Supervalu is acquiring California-based Unified Grocers in a transaction valued at approximately $375 million. Supervalu also will assume and pay off Unified Grocers’ net debt, estimated to be $261 million as of April 1. The deal also includes the in-cash purchase of all outstanding stock from Unified Grocers’ members, who today own the cooperative, for $114 million. When the transaction is complete, Unified Grocers will be a wholly-owned subsidiary of Supervalu. Retailer customers will have a traditional wholesaler/distributor relationship with Supervalu.

The transaction was unanimously approved by each company’s board of directors, and is subject to approval by Unified’s shareholders as well as other customary closing conditions.

Money garnered from its sale of Save-A-Lot late last year aided Supervalu’s decision to acquire Unified Grocers. Bruce Besanko, Supervalu EVP, COO and CFO, said the company still will have the “financial flexibility” for more deals such as this one after the Unified transaction closes this summer.

“Our priorities on cash are unchanged,” Besanko said during a conference call Tuesday. “They continue to be grow the business, pay down debt and fund the pension obligations, in no particular order.”

Mark Gross, president and CEO of Supervalu, agreed that more opportunities will present themselves.

“For the past year, we’ve been articulating a picture of opportunities to grow the wholesale business,” Gross said. “It exactly fits with this deal that this ever-growing competitiveness will drive smaller distributors and regional self-distributing retailers to take a hard look at their cost structure and what they do best, and come to the conclusion on the retail side that they should really focus on being merchants. That gives an opportunity for us to add business, including M&A opportunities.
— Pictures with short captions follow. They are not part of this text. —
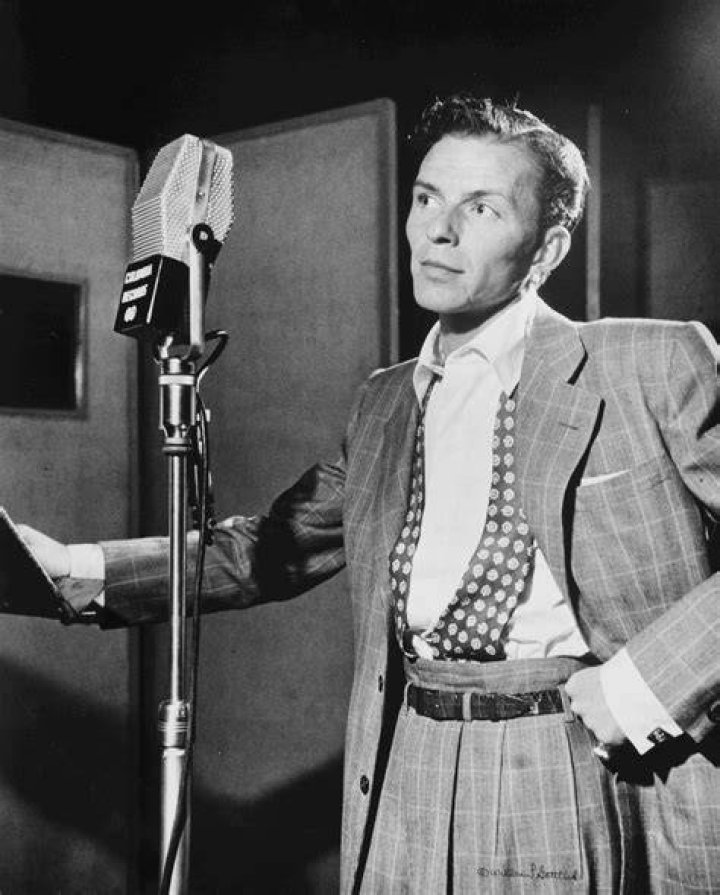 Frank Sinatra Biography Facts, Childhood, Family Life & Achievements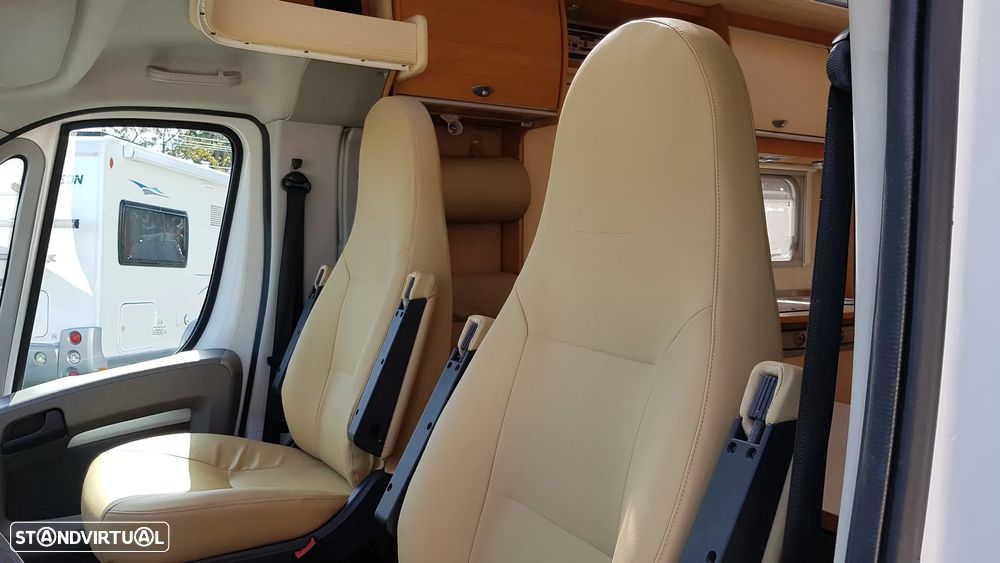 Burstner Nexxo T 687 Cama Central - 30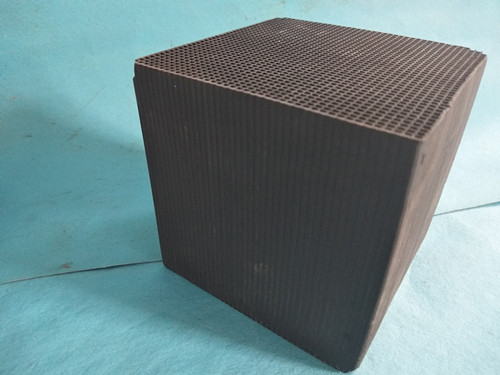 ��C����̿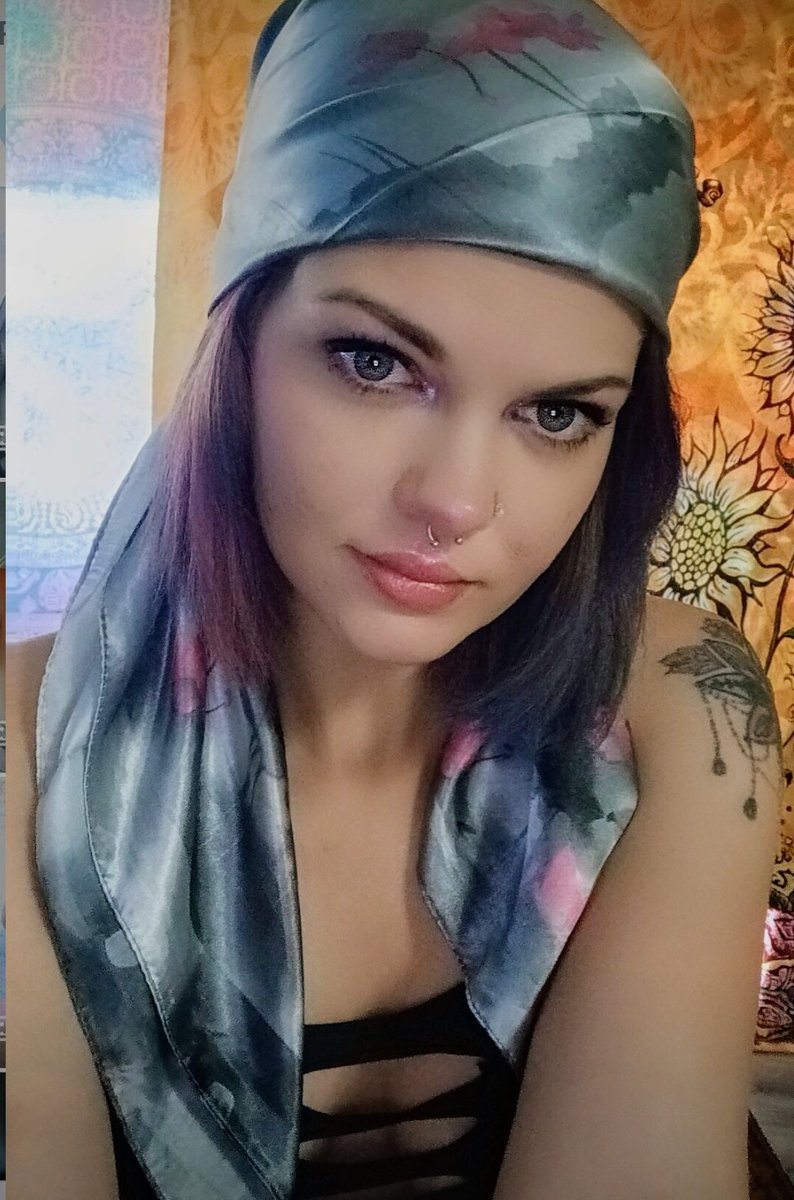 gutterbarbiee's tweet photo. Got to get my subscribers back up. Follow me. 🥰😘

https://t.co/cvTssuNmNZ https://t.co/E1mk8l05gf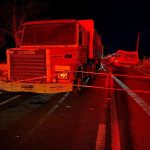 Acidente entre van escolar e caminhão provoca mortes de diversos estudantes em rodovia de Goiás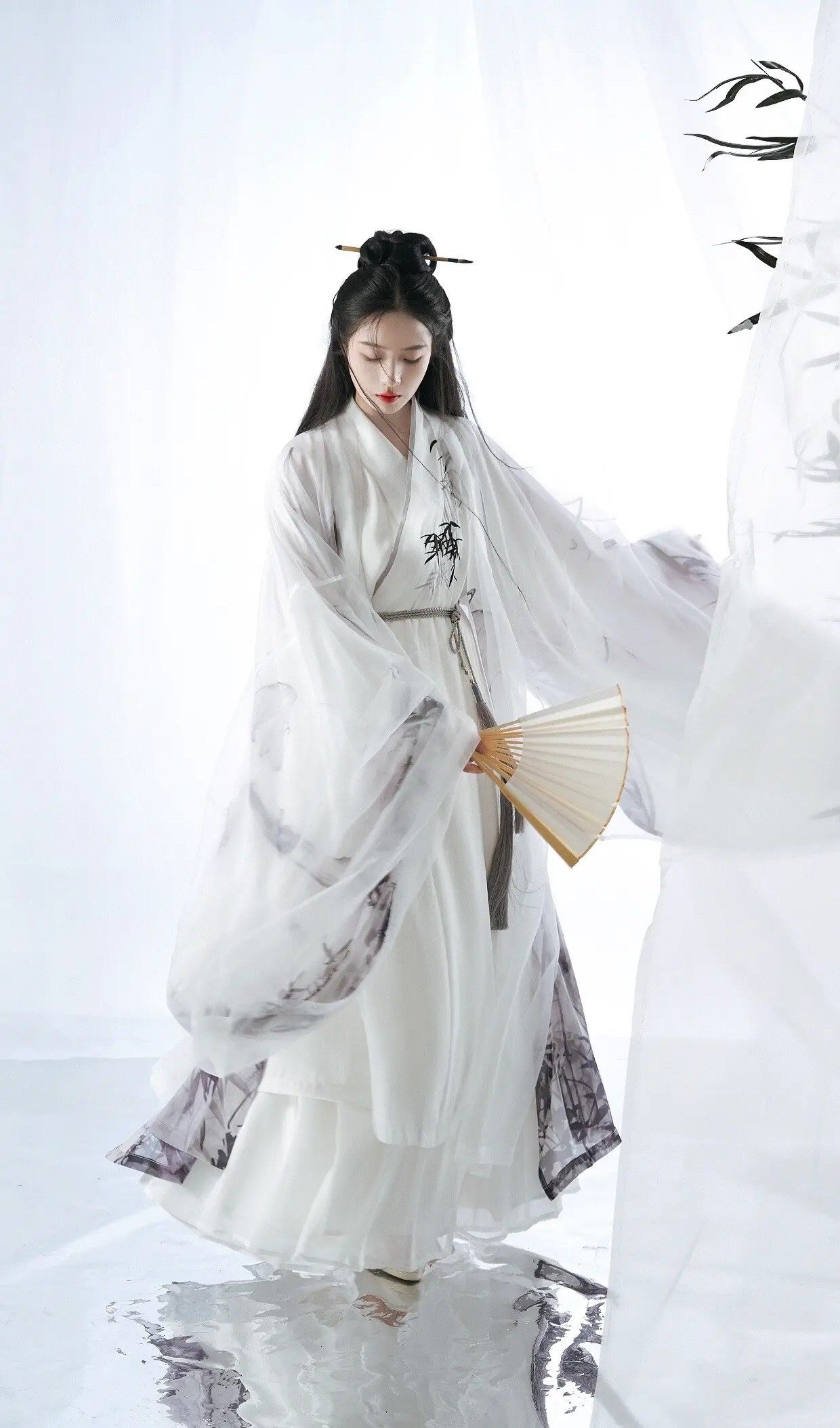 Tiger Hill Cheongsam:The Cultural Icon of Traditional Chinese Elegance Tiger Hill Cheongsam:The Cultural Icon of Traditional Chinese Elegance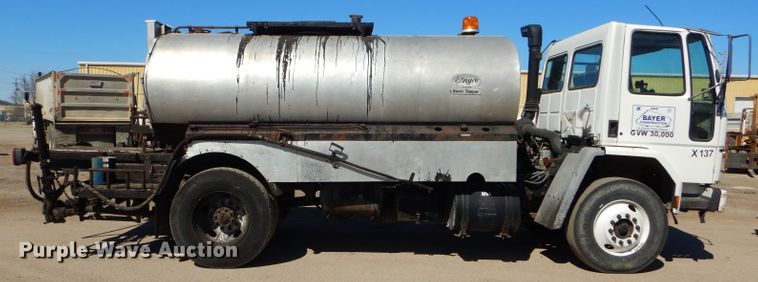 image for item DH4438 1995 Ford CF700 oil distribution truck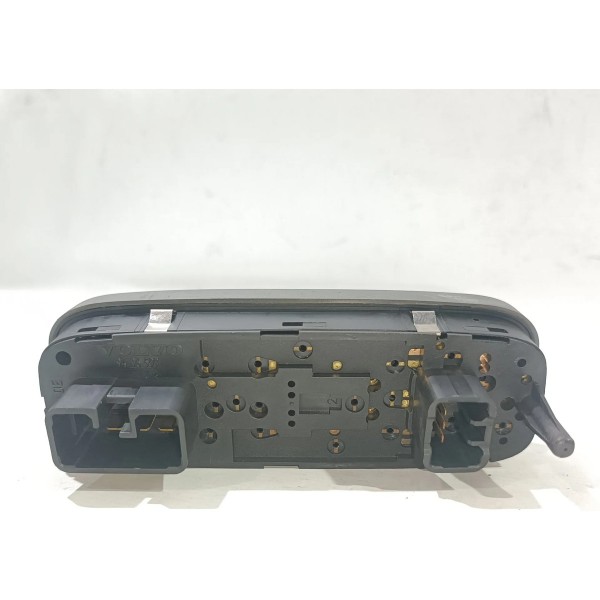 Botao Vidro Direito Volvo C70 1996 2005 9496599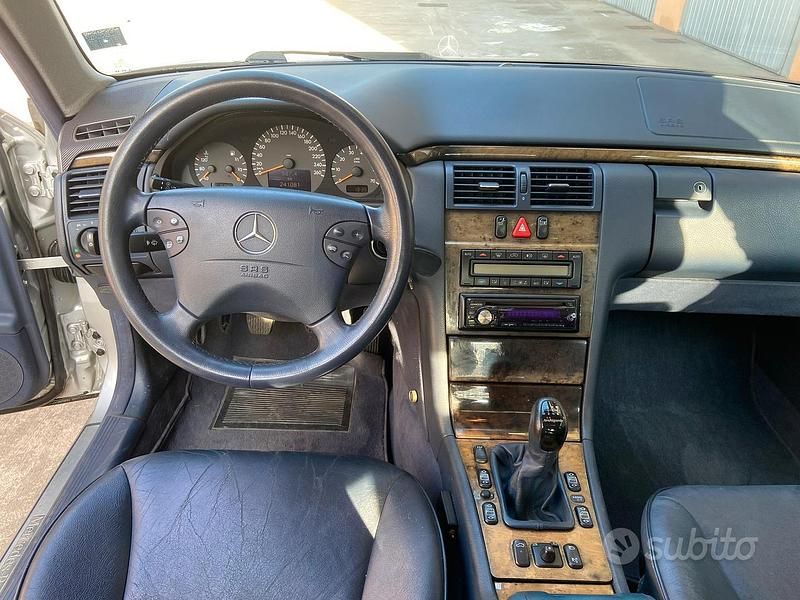 Usata Mercedes E240 Avantgarde 170 CV (125 kW) 2001 Grigio Berlina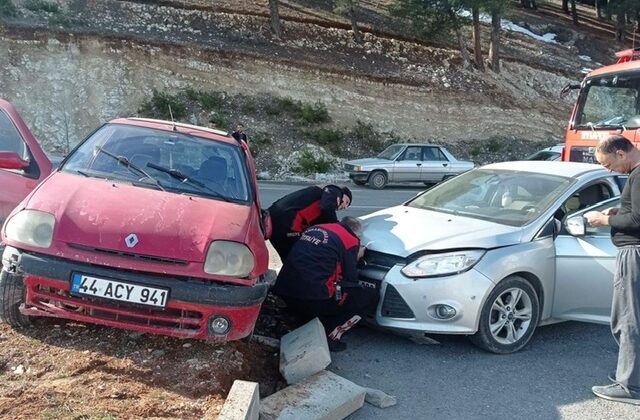 Kahramanmaraş’ta iki otomobil çarpıştı: 2 yaralı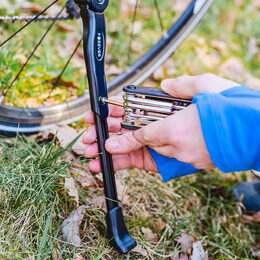 Stojánek na kolo Forever Outdoor černý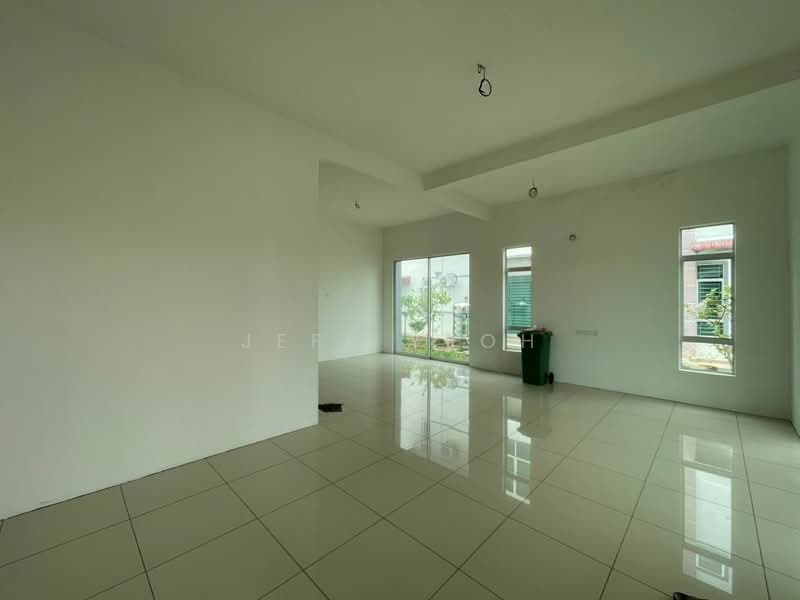 Semi-Detached House for Sale in Jitra (Kedah) - Jeff Yeoh - Living Room - PropertyGuru.com.my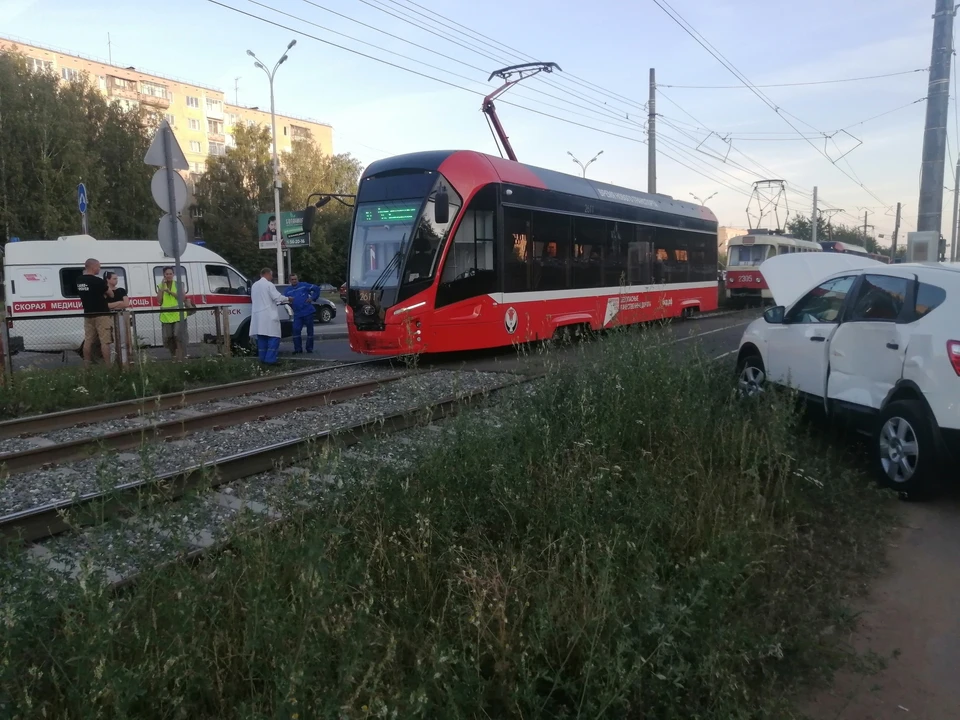 16 августа напротив дома №69 по улице 40 лет Победы в Ижевске легковой автомобиль столкнулся с трамваем. Фото: 1-й отдел УГИБДД по УР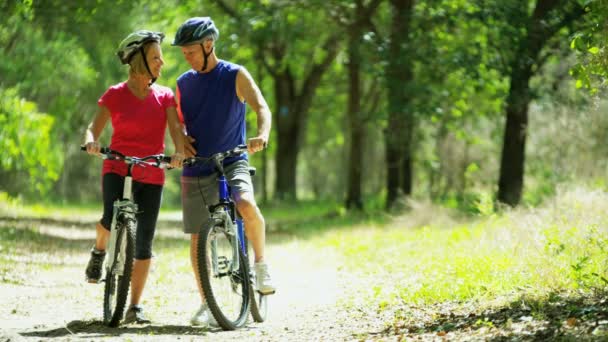 Пара їзда на велосипеді в лісі — стокове відео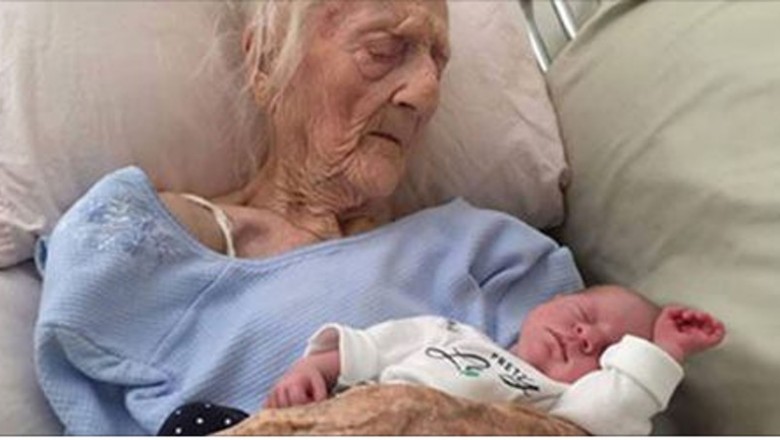 Swoje 17 dziecko urodziła w wieku 101 lat! Ogłoszono, że to najstarsza matka na świecie! 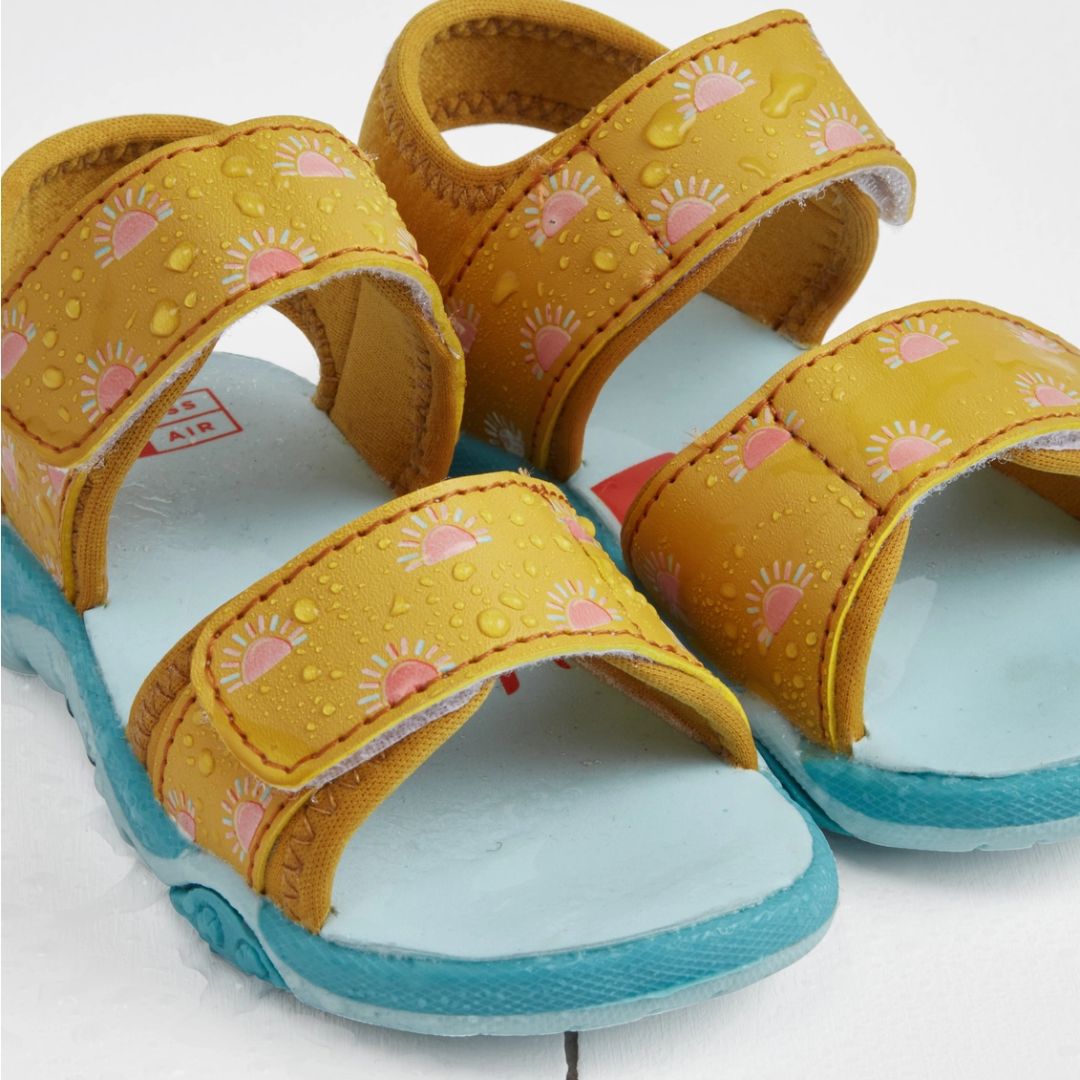 Farbwechselnde Sandalen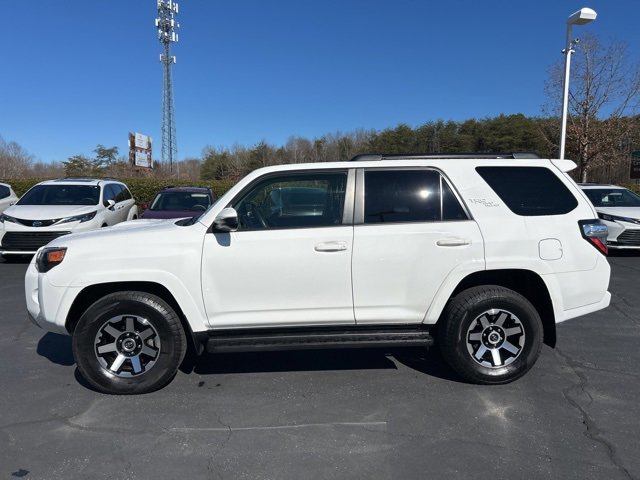 Used 2022 Toyota 4Runner TRD Off-Road image 10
“And I think this is the beginning of our ability to accelerate the growth of our wholesale business, which we began last year,” Gross added.

Changes coming to California

Together, Supervalu and Commerce-based Unified operate 24 distribution centers supplying customers in 46 states and serve a combined customer base of 3,000-plus stores.

Gross also said that Unified’s warehouse assets are “good for what they are doing today, but I think they can be improved upon.” Supervalu will likely “reorganize” the way some products flow through the Los Angeles and Bay Area warehouses, he said.

“In the Pacific Northwest, we’ve highlighted that there’s an opportunity between all three distribution centers,” Gross said.

Unified has full line distribution centers in Stockton, California; Milwaukie, Oregon; and Seattle, Washington.

The two grocery wholesale organizations had combined sales of approximately $16 billion in 2016.

The acquisition also would yield the potential expansion of Unified’s Market Centre division, a specialty and ethnic products business, to more independent grocers.

Following the completion of the transaction, Supervalu, with its headquarters in Eden Prairie, Minnesota, will maintain a visible presence in Commerce, as well as on the West Coast, including management and employees of the combined company.

Supervalu expects to incur transition and integration costs of up to $60 million within the first two years following the completion of the transaction. By the end of the third year following the completion of the transaction, the combined business will achieve a run rate of at least $60 million in cost synergies derived in part from consolidation of some back office functions.

The transaction is expected to be accretive to earnings per share, excluding the transition and integration costs, as well as potential purchase accounting adjustments, in the first full fiscal year following closing that begins Feb. 25, 2018.